BEGIN DATA FOR PROCESSING

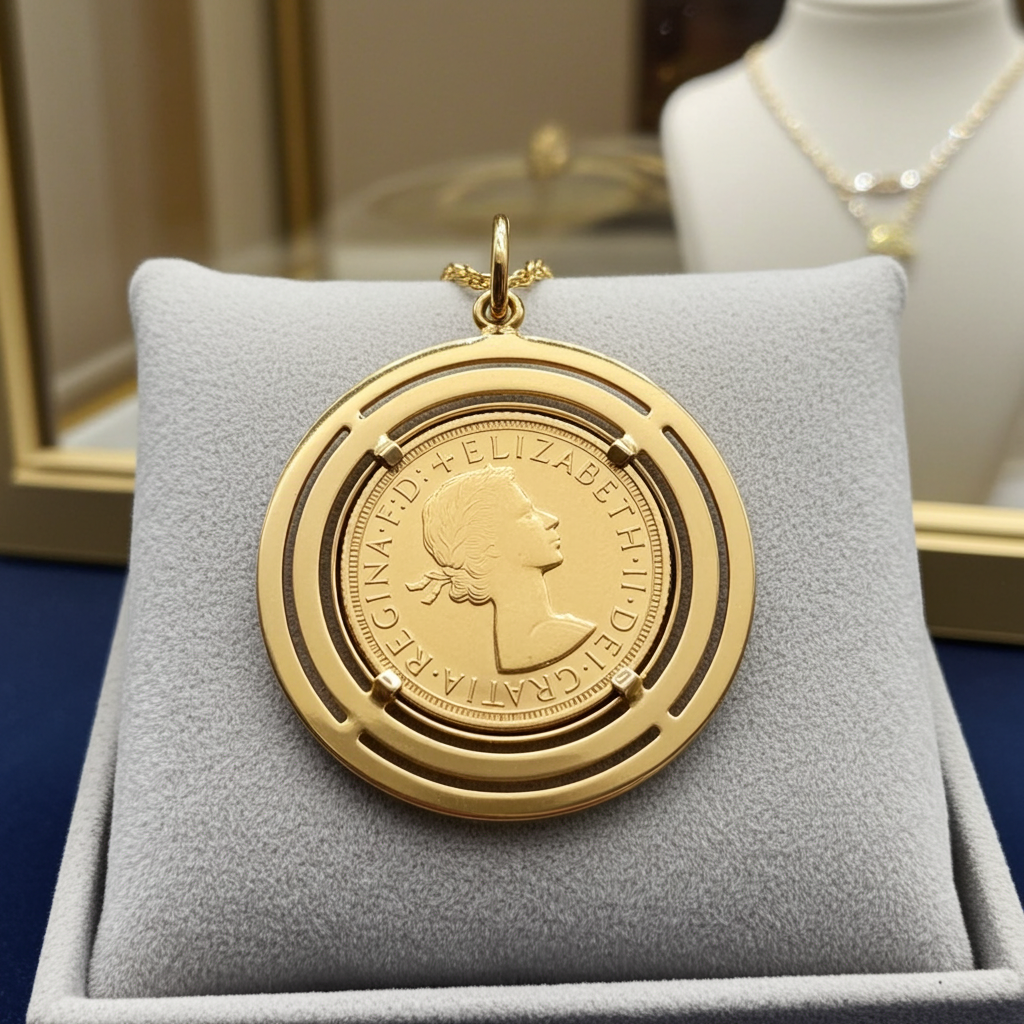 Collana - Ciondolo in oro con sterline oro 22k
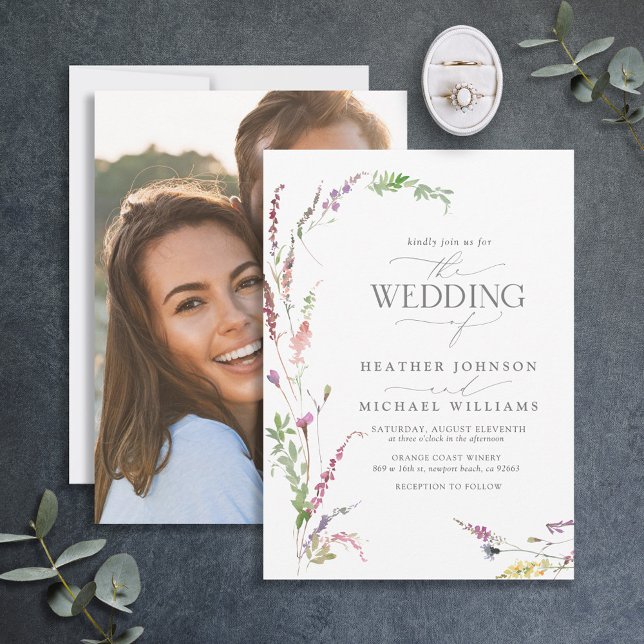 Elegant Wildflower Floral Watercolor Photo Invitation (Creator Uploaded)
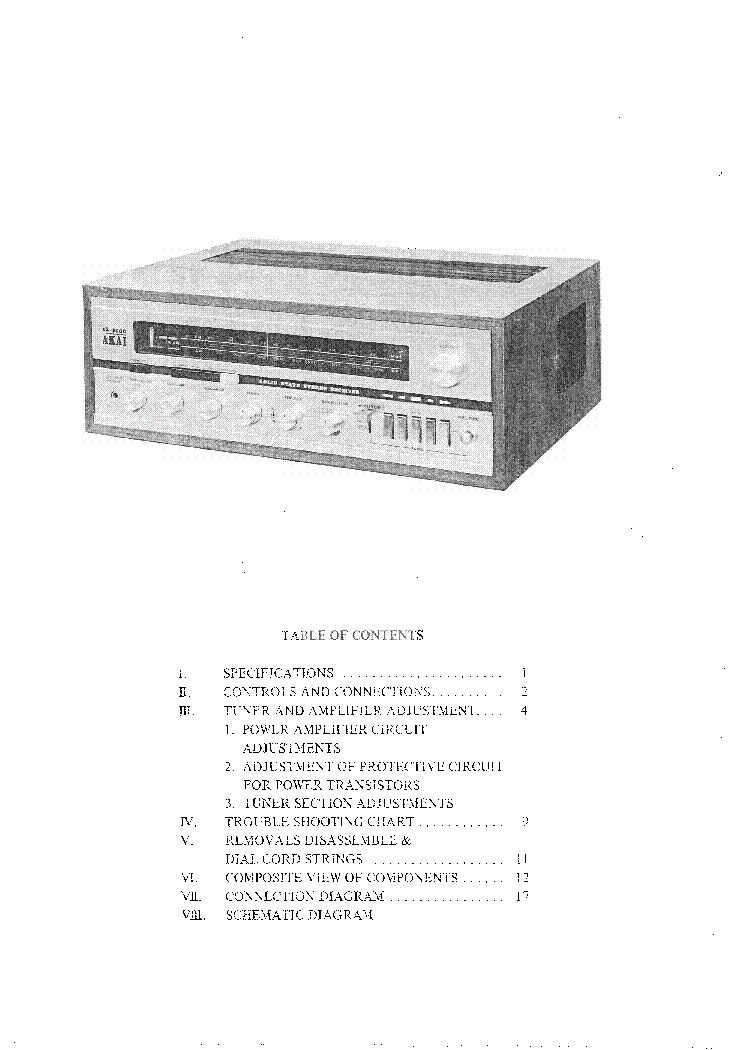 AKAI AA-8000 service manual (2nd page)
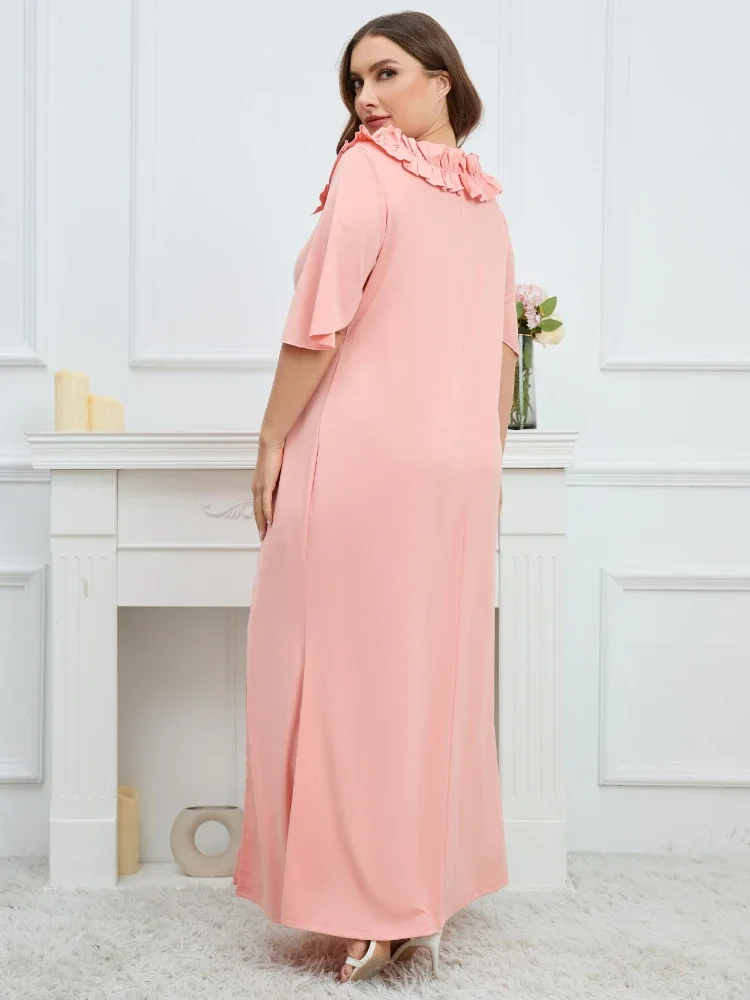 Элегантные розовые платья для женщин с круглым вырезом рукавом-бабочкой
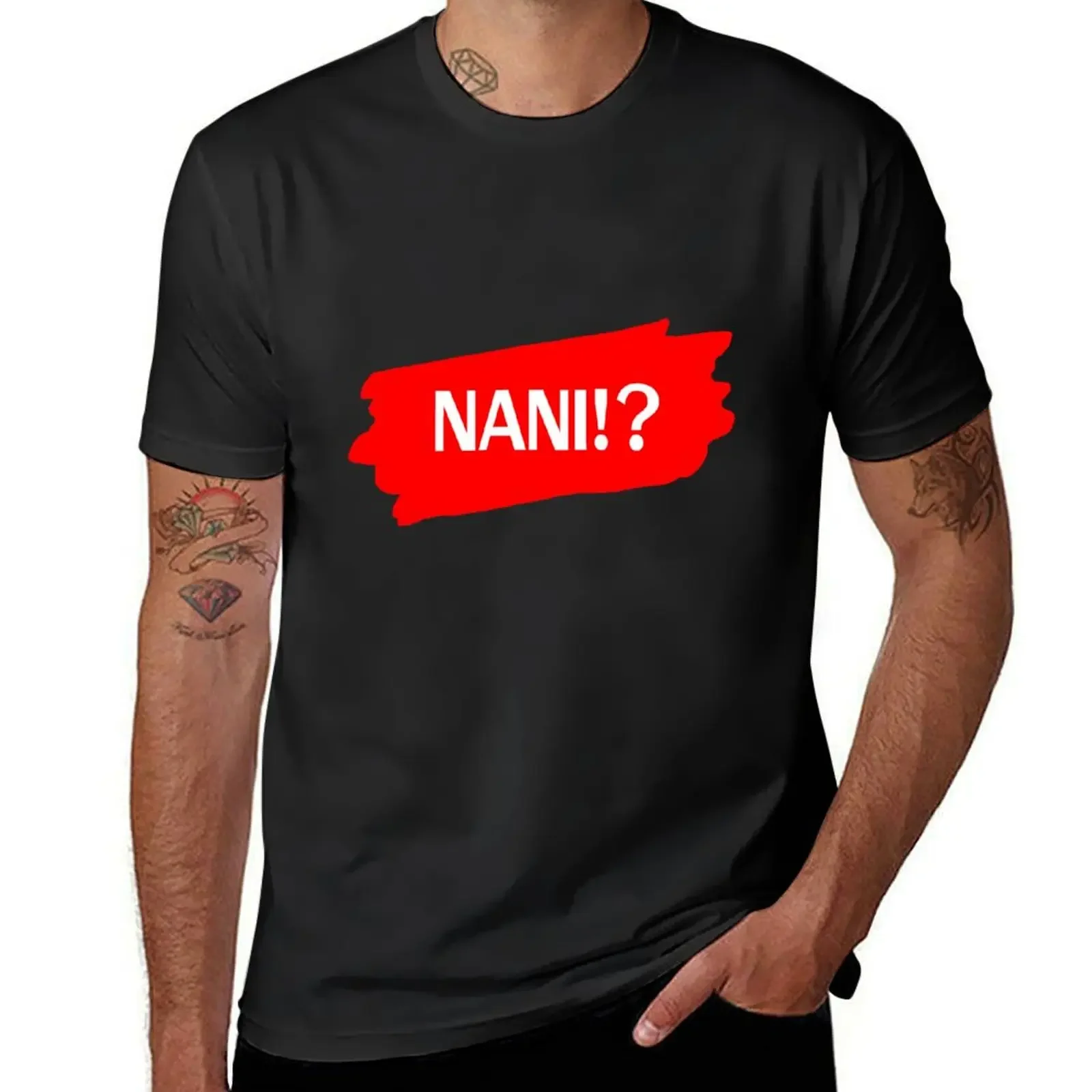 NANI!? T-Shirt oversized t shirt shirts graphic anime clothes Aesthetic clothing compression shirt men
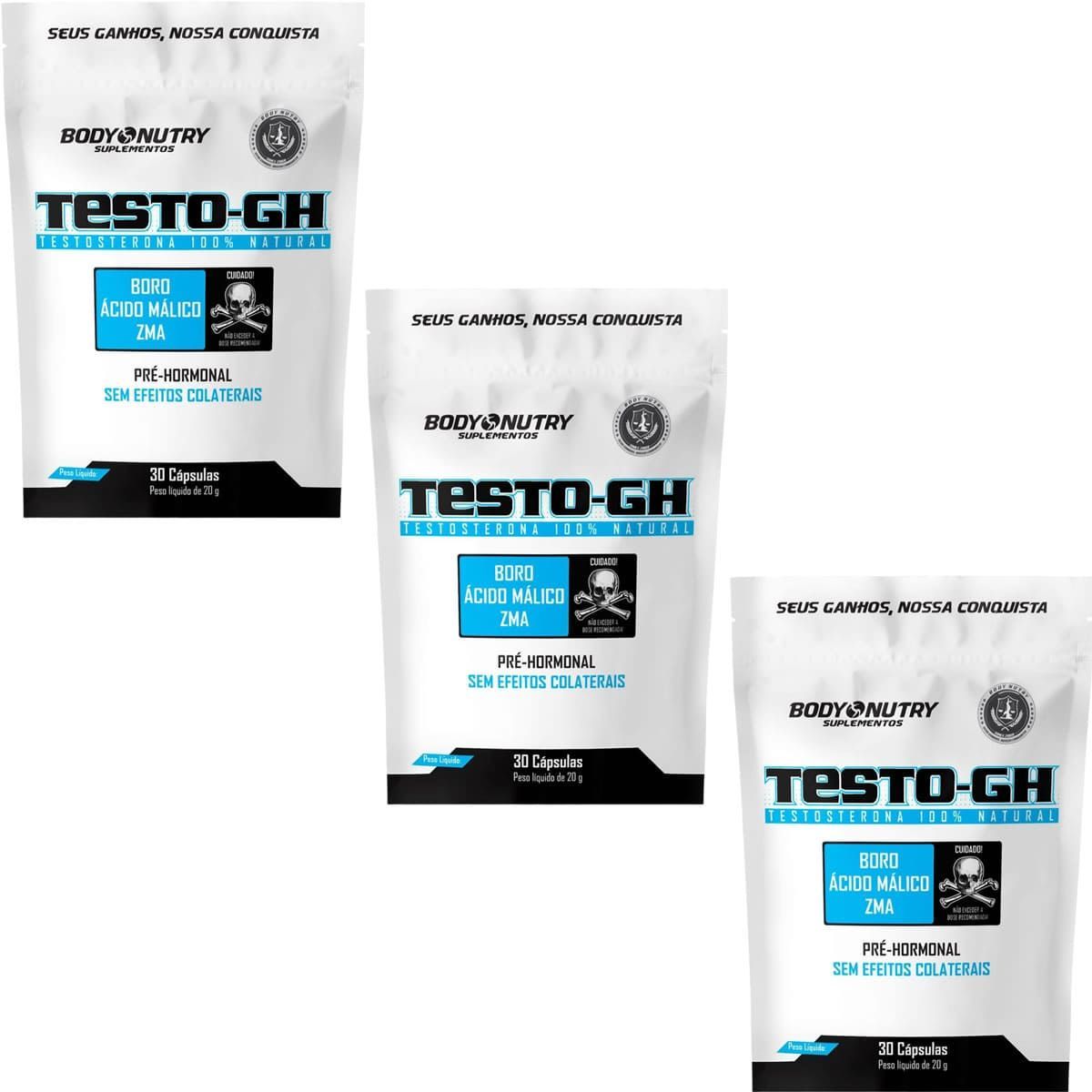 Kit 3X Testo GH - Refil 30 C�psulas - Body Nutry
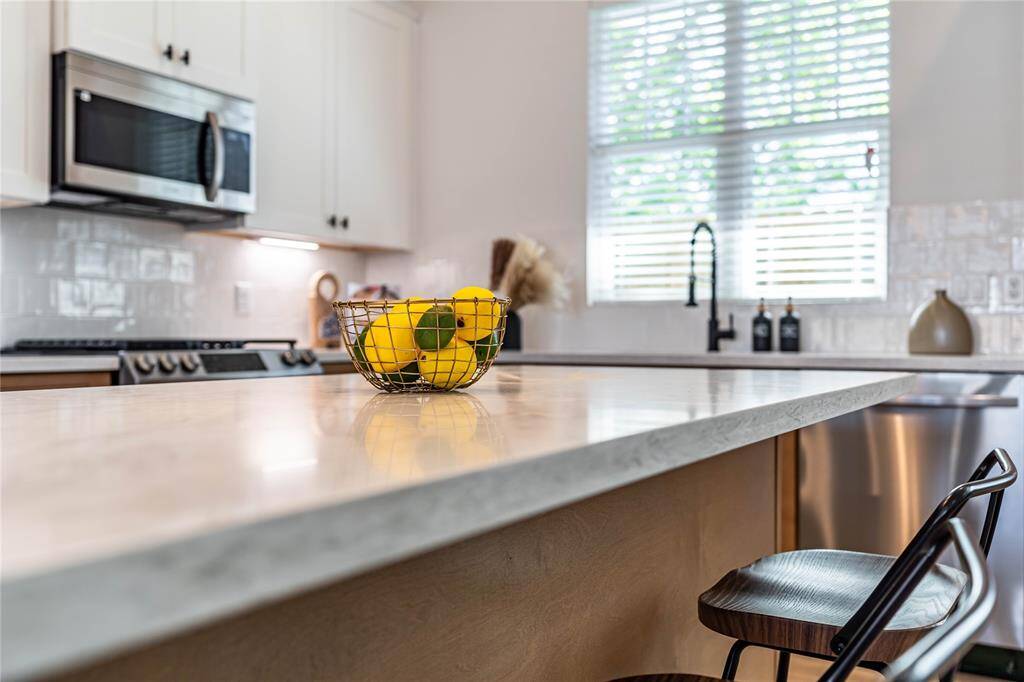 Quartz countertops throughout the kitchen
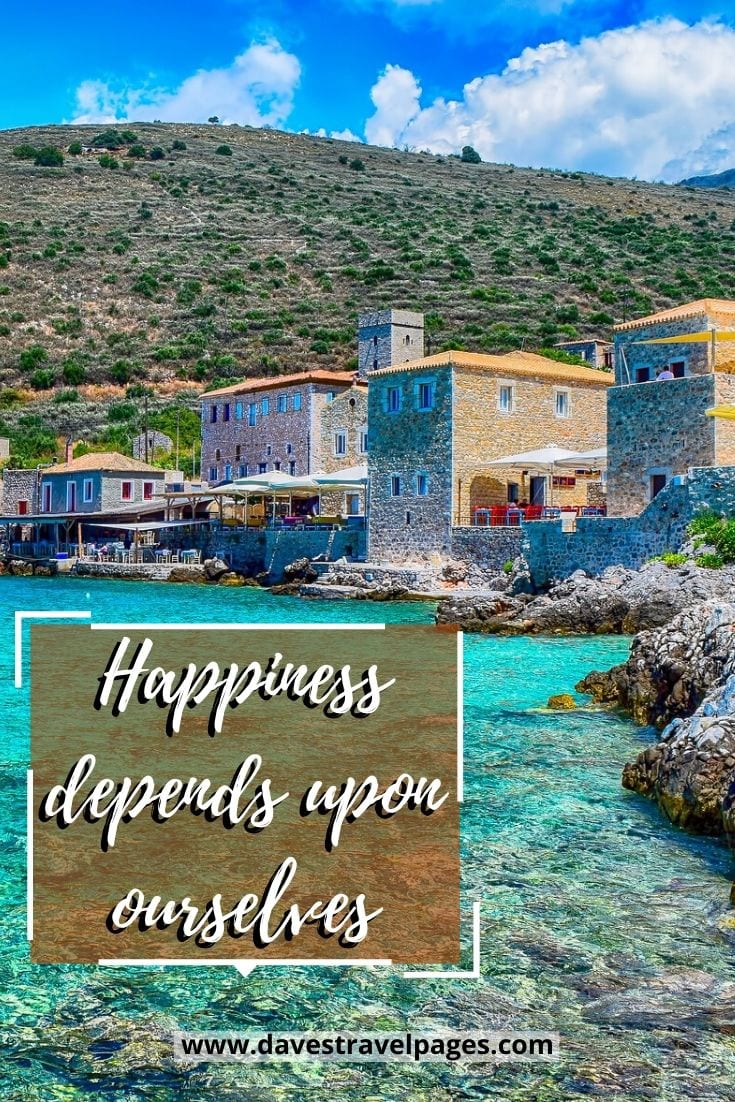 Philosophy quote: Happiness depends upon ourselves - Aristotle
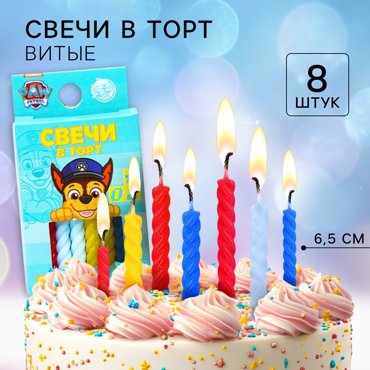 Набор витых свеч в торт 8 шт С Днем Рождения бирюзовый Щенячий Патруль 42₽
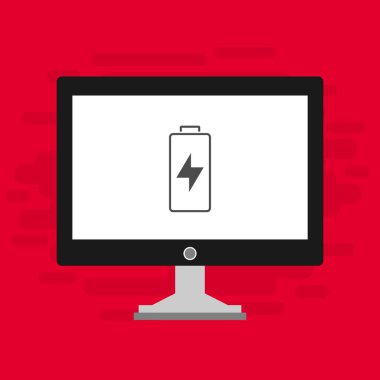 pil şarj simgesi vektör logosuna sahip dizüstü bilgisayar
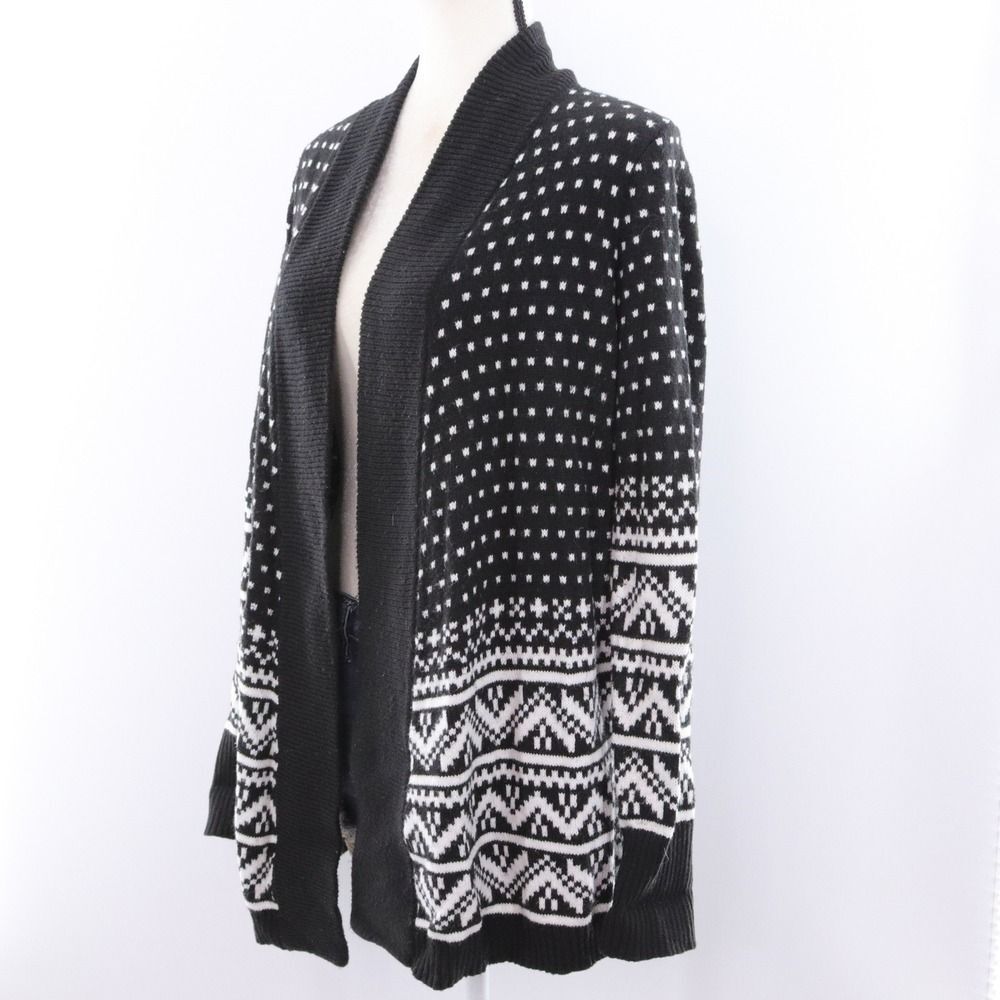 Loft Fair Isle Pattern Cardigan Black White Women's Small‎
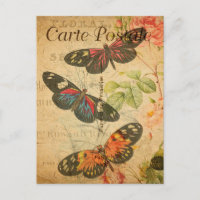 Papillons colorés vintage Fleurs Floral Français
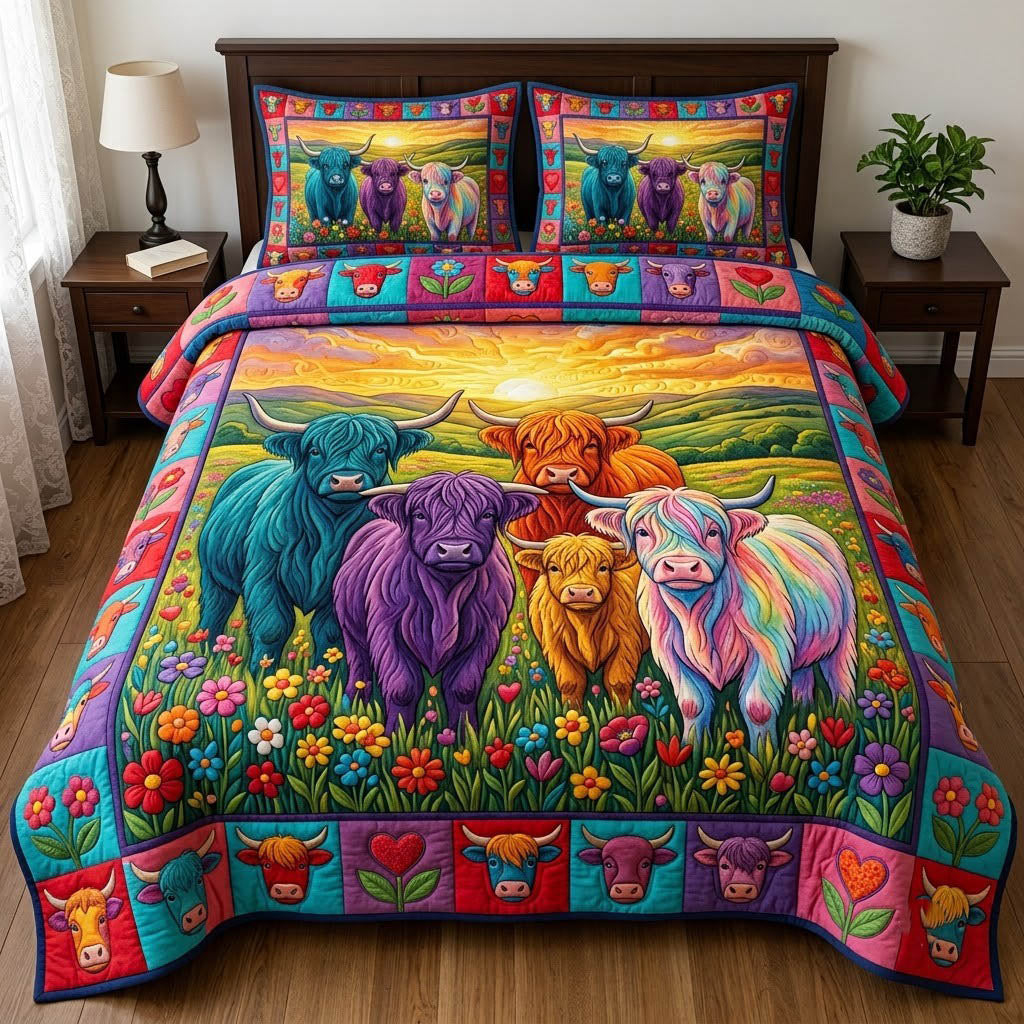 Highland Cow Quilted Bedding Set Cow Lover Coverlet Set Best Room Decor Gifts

END DATA FOR PROCESSING

■ **EXERCISE BRIEF**:
Reproduce the span beginning at the line with "Philosophy quote: Happiness" and ending at the last line of the entries above, inclusive, exactly as it stands. Exclude the pictures.

■ **TASK RESPONSE**:
 Philosophy quote: Happiness depends upon ourselves - Aristotle
 Набор витых свеч в торт 8 шт С Днем Рождения бирюзовый Щенячий Патруль 42₽
 pil şarj simgesi vektör logosuna sahip dizüstü bilgisayar
 Loft Fair Isle Pattern Cardigan Black White Women's Small‎
 Papillons colorés vintage Fleurs Floral Français
 Highland Cow Quilted Bedding Set Cow Lover Coverlet Set Best Room Decor Gifts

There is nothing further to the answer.